I have often thought that everything good and decent in Ayn Rand came from Aristotle, while everything dark and creepy came from Nietzsche. The emphasis on reason and its connection to human happiness comes straight out of Aristotle. The triumph of the human will, and the measuring of moral worth by achievement, all comes from Nietzsche.

Since Rand wrote her book, we have seen a different type of hero: the hero who runs into burning buildings on 9/11. The firemen didn’t ask any questions about the moral worth of the people they were saving. Rather, they were living out their vocation as public-safety officers, a vocation that from the beginning involved the possibility of self-sacrifice.

Rand’s variety of individualism cannot comprehend self-sacrifice. But there are varieties of individualism, just as there are varieties of heroism.There is such a thing, for instance, as Christian individualism. Each and every person came into existence because God willed and loved that person into existence. Each and every person has intrinsic value, independently of their ability to produce anything. Christians believe that each and every person is morally accountable to God.

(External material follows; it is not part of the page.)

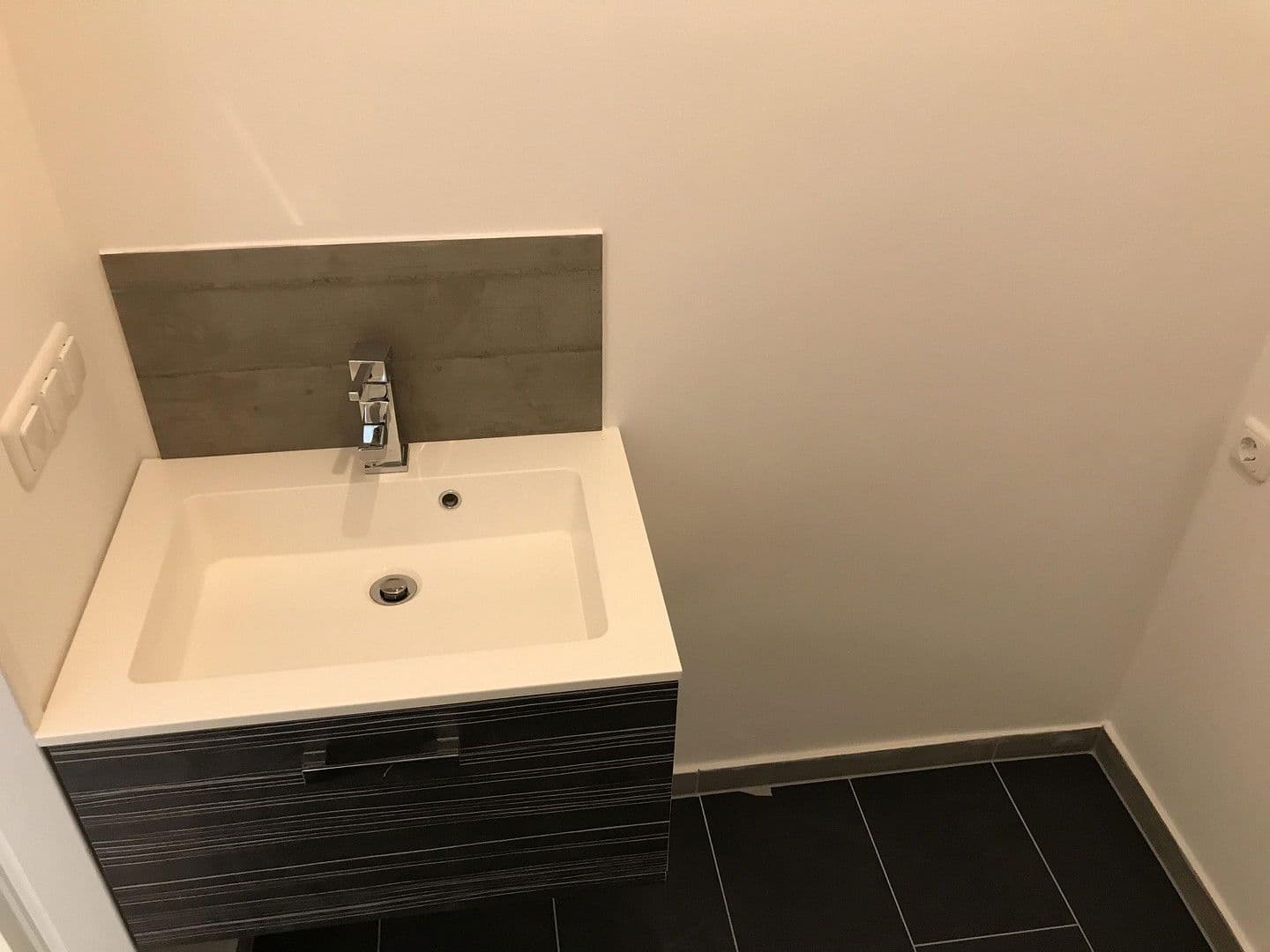 Pronájem bytu 2+1 45 m², Friedberger Landstraße 85, Frankfurt am Main, Hessen Pronájem bytu 2+1 45 m², Friedberger Landstraße 85, Frankfurt am Main, Hessen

And even more deeply, Christians believe that God has a personal plan for each and every person, uniquely tailored for that person. To be the very best person you can be, to achieve your greatest “value,” the individual has a responsibility to discover and to follow this plan that God has devised for them. It simply will not do to blindly emulate others, or to do what you are told, or to be the “best” as some particular human endeavor. No second-handers. Your path is far more unique than the intellectual achievement held up by Rand, or the economic equality held up by egalitarians. No Nietzsche-styledÜbermenschen either.

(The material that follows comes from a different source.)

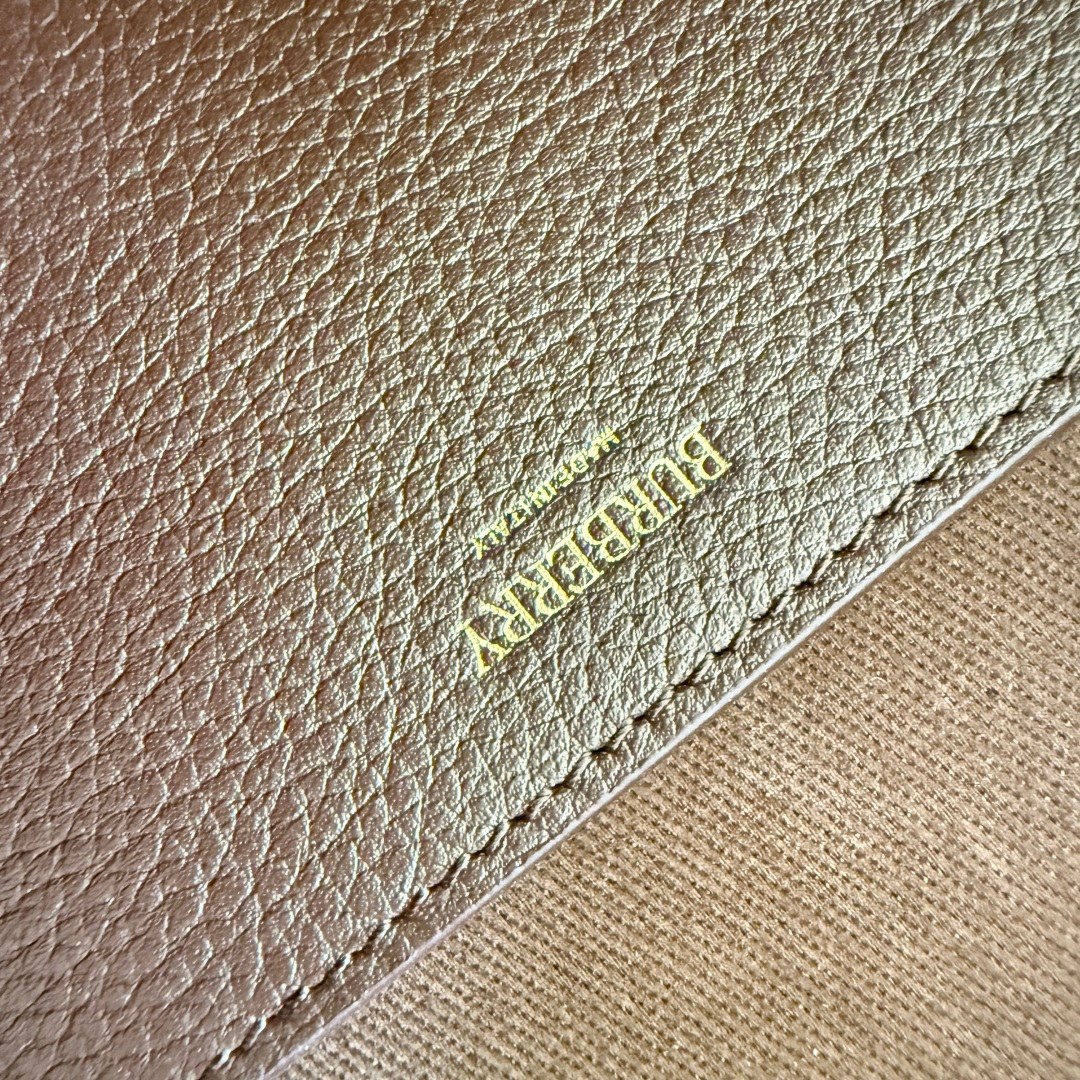 Bv*b*rry highlands bowling bag-33.5× 12.5x 17cm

So this is why I liked Part II of the Atlas Shrugged movie more than than the book. It preserves what is good in Rand’s vision. The movie captures Rand’s dystopia of an economy gone off the cliff from stifling and finally inhuman over-regulation. The movie sparks the moral indignation that I think Rand hoped we would feel. But the movie version avoids the worst of Rand’s excesses.

Until that final sequence. Maybe they’ll get it someday.